Nagy J, Scott H, Brandtzaeg P
Laboratory for Immunohistochemistry and Immunopathology, University of Oslo, Rikshospitalet, Norway.
Clin Nephrol. 1988 Jun;29(6):275-9.
It has been postulated that IgA NP is caused by mesangial deposition of IgA-containing immune complexes formed by IgA polymers (pIgA) which are overproduced in response to antigens presented at mucosal surfaces. The intestinal mucosa is one possible source of this pIgA. To test whether antibodies to dietary antigens might be involved in the pathogenesis of IgA NP, we measured IgG and IgA serum antibody activities to gluten, a gluten fraction called glyc-gli, alpha-lactalbumin, beta-lactoglobulin, casein and ovalbumin in 54 patients with IgA NP by an enzyme-linked immunosorbent assay (ELISA). The IgA activities to gluten antigens and alpha-lactalbumin were significantly increased in IgA NP compared with a group of 40 age-matched healthy controls. In a previous study we found that 4 out of 12 patients with IgA NP and gastrointestinal complaints had subtotal villous atrophy; this indicated that many patients with IgA NP have altered intestinal permeability which may lead to activation of their intestinal immune system. Taken together our results showed a relation between the intestinal humoral immune system and IgA NP and indicated that antibodies to dietary antigens in some patients may be directly involved in the pathogenesis of IgA NP.

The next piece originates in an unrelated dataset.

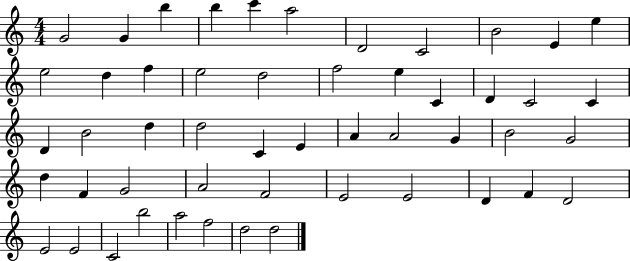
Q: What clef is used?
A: treble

据推测,IgA肾病是由含IgA的免疫复合物在系膜沉积所致,这些免疫复合物由IgA聚合物(pIgA)形成,pIgA是对黏膜表面呈现的抗原产生过度应答而产生的。肠黏膜是这种pIgA的一个可能来源。为了检测针对饮食抗原的抗体是否可能参与IgA肾病的发病机制,我们通过酶联免疫吸附测定(ELISA)检测了54例IgA肾病患者血清中针对麸质、一种名为糖基化麦醇溶蛋白的麸质组分、α-乳白蛋白、β-乳球蛋白、酪蛋白和卵清蛋白的IgG和IgA抗体活性。与40名年龄匹配的健康对照相比,IgA肾病患者针对麸质抗原和α-乳白蛋白的IgA活性显著升高。在先前的一项研究中,我们发现12例有胃肠道症状的IgA肾病患者中有4例存在绒毛萎缩;这表明许多IgA肾病患者存在肠道通透性改变,这可能导致其肠道免疫系统激活。综合我们的结果显示肠道体液免疫系统与IgA肾病之间存在关联,并表明部分患者针对饮食抗原的抗体可能直接参与IgA肾病的发病机制。